Las palabras de Ernest Maragall, conseller de Educación, que consideró agotada la fórmula del tripartito, fueron minimizadas por Montilla, que le contestó, de manera informal, que su trabajo no consiste en hacer análisis. Pero Antoni Castells ha apoyado a Maragall de forma pública y contundente.
Por su parte, Montserrat Tura, preguntada sobre esta cuestión en Canal Català, se ha pronunciado en el mismo sentido, aunque de una forma moderada y en un tono más informal que el utilizado por el conseller de Economía.
En cualquier caso, tres cabezas visibles del sector catalanista, han desafiado la autoridad de Montilla, y no sólo como primer secretario, porque los tres son miembros del Govern de la Generalitat. Es decir, que hay problemas en el partido y en el Govern.
Montilla ha vuelto a utilizar este jueves la fórmula de una conversación informal con periodistas en los pasillos del Parlament, y ha dicho que mientras sea primer secretario del PSC en su partido habrá libertad de expresión, pluralismo y, al mismo tiempo, realismo respecto de la situación política.
Además, ha defendido al tripartito, aunque ha admitido quees posible que no se haya sabido explicar bien la obra hecha, añadiendo que el PSC "no es cainita". También ha afirmado que no quiere un partido de "clones" y que prefiere contar con dirigentes con criterio propio que tener "un coro" que le haga la "ola".
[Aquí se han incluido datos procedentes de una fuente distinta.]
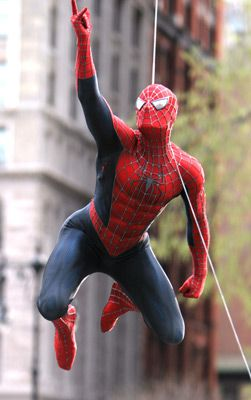 RightMash_X's tweet photo. Al chile me vale verga, pero tengo un bias tremendo hacia los trajes de Spider-Man de las dos primeras películas de Raimi.

Podrá ser pura nostalgia al ser la primera interpretación del personaje que conocí, pero es que realmente me encanta como lucen estos trajes y los considero fácilmente mis trajes favoritos del personaje en toda la existencia.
Según Montilla, no hay crisis ni enfrentamiento interno, porque no se ha hecho ninguna propuesta diferente a las posiciones que defiende actualmente el PSC: "¿Están proponiendo cosas diferentes?", se ha preguntado, y ha rechazado que exista el "riesgo" que apuntaba Castells de que el partido niegue la realidad y el debate plural ya que, fiel a la tradición del PSC, él aboga por un partido de espectro amplio.
Montilla está en una situación difícil, y no parece que unos comentarios informales de pasillo sean suficientes para apagar el fuego abierto por los dirigentes del sector catalanista del partido, que han cuestionado claramente su autoridad.
En este contexto, resulta sorprendente el silencio del poderoso secretario de organización del partido, José Zaragoza, que mantiene un férreo control sobre el aparato de la formación, y que no se ha pronunciado sobre la polémica.
En cualquier caso, esta polémica llega en un mal momento para el PSC, en un año electoral, con malas perspectivas en las encuestas y mientras el Gobierno español del partido hermano está sumido en una profunda crisis a consecuencia de la difícil situación económica.